Sommes nous condamnés à la guerre des civilisations prédite par Samuel Huntington en 1993 ? Le raisonnement selon lequel les différences entre civilisations sont plus fondamentales que celles entre idéologies et que la globalisation affaiblit les identités nationales au profit de la religion est devenu populaire dans les cercles académiques et sur les sites internet islamistes. Les évènements du 11 septembre 2001 ont renforcé cette croyance dont les arguments ne m’ont jamais convaincu.
L’histoire récente de l’Europe et notre tradition d’antisémitisme " chrétien " ne devraient pas nous inciter à regarder le monde islamique de haut et lui donner des leçons. Nous devons également nous rappeler que les trois quarts des musulmans du monde ne vivent pas dans un pays arabe mais dans des démocraties comme la Malaisie, l’Indonésie ou l’Inde. Les sociétés musulmanes asiatiques ont leur poche d’extrémisme mais il est difficile, si on les comptabilise, d’affirmer que la colère musulmane existe de l’Atlantique au Pacifique. Les sondages montrent que les Arabes ne haïssent pas les valeurs occidentales - la liberté, la démocratie ou l’éducation - mais ils ne soutiennent pas pour autant les politiques occidentales qu’ils jugent hypocrites, notamment concernant la question palestinienne, une question dont l’initiative de Genève montre pourtant qu’il est possible de la résoudre. L’Irak est un autre point de désaccord mais on peut espérer que cette question sera résolue avec les élections de 2005. Le troisième point de tension est la question de la réforme du monde arabe.

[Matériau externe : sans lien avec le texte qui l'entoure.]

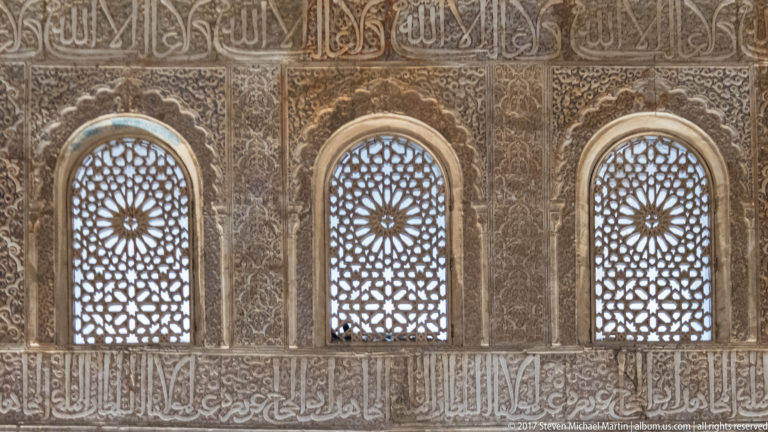 Three narrow arched windows with geometric lattice screens, surrounded by dense carved Arabic inscriptions and stucco ornament.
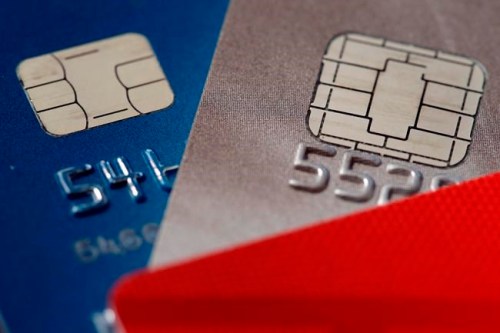 FILE- This June 10, 2015, file photo shows chip credit cards in Philadelphia. Money can‚Äôt buy you a good credit score, but you might be able to use your income tax refund strategically to polish your credit. How to go about it depends on where you are in your credit journey. (AP Photo/Matt Rourke, File)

Suite à la publication du rapport de l’ONU sur le développement humain arabe, beaucoup sont arrivés à la conclusion qu’il fallait une réforme de la gouvernance de ces pays, mais il faut une modernisation issue de ces pays et pas imposée. Cela doit se faire progressivement et l’Union européenne veut y contribuer. Nous devons être patients et avoir les mêmes exigences vis-à-vis de tous, pas ajuster les remarques en fonction de nos intérêts. Mener un partenariat est le meilleur moyen de montrer que le scénario prévu par Huntington n’est pas inévitable.
« Huntington’s logic isn’t Europe’s », par Chris Patten, Daily Star, 2 juillet 2004.